EXTRACTED ENTRIES: Begin
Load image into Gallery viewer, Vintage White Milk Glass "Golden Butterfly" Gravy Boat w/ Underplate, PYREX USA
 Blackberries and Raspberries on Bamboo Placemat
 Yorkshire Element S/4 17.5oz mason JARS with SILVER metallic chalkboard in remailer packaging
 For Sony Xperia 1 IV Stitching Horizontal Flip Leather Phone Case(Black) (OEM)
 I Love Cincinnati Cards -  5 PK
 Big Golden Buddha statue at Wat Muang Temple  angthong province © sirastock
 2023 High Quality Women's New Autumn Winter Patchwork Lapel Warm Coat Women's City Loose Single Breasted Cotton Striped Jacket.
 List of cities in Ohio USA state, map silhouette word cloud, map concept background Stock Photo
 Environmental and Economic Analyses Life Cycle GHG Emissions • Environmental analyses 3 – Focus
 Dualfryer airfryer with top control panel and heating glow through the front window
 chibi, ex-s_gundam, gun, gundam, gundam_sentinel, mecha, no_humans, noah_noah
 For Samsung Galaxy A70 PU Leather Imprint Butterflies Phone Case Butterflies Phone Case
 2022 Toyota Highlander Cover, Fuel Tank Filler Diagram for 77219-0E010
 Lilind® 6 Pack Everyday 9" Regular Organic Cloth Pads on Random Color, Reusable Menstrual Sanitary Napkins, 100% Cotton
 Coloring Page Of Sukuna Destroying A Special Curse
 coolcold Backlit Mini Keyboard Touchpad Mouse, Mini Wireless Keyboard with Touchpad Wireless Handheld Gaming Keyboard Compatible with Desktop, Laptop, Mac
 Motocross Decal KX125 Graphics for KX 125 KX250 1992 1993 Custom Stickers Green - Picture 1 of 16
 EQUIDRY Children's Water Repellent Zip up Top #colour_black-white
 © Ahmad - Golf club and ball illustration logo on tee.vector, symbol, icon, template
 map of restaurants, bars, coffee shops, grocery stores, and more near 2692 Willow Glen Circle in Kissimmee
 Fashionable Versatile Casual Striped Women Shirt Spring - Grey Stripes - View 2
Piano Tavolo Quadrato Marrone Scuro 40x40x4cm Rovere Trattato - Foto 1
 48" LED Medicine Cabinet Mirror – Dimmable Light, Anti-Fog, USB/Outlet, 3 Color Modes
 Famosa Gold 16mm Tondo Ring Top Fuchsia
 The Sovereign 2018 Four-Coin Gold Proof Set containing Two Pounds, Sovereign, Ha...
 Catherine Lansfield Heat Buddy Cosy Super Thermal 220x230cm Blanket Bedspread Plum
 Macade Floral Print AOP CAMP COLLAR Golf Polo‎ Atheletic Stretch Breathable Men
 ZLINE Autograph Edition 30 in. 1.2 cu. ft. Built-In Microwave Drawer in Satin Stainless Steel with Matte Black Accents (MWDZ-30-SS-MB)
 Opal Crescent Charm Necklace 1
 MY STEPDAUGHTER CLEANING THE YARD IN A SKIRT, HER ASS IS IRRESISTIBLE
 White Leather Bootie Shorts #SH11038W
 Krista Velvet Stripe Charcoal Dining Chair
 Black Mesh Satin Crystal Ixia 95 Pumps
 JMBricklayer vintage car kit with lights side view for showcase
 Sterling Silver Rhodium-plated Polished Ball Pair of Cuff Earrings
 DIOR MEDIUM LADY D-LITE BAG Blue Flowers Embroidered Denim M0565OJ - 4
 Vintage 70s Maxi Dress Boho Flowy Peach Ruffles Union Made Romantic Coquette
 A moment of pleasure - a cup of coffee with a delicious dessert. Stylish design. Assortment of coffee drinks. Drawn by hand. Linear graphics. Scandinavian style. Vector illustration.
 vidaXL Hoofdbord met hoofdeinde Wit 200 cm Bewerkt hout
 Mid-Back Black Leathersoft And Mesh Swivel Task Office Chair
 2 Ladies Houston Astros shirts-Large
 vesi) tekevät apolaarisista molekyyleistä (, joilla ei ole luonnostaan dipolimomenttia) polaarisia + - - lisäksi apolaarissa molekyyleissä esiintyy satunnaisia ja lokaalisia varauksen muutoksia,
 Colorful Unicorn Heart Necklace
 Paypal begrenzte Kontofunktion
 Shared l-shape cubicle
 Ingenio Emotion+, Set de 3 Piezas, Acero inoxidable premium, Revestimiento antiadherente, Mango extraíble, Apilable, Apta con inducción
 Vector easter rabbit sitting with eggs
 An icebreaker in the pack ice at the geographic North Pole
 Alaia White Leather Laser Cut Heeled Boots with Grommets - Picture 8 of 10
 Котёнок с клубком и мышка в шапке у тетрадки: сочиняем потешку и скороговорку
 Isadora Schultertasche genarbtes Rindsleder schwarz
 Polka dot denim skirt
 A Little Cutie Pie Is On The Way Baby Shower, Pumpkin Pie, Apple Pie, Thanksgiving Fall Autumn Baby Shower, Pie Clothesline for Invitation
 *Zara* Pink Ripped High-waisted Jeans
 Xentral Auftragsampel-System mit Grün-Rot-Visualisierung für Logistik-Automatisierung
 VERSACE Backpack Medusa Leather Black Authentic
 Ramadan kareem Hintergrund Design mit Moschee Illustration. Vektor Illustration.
EXTRACTED ENTRIES: End
§ EXERCISE:
In the entries above, identify every line with the word "Satin". Copy those lines.

§ TASK RESULT:
 ZLINE Autograph Edition 30 in. 1.2 cu. ft. Built-In Microwave Drawer in Satin Stainless Steel with Matte Black Accents (MWDZ-30-SS-MB)
 Black Mesh Satin Crystal Ixia 95 Pumps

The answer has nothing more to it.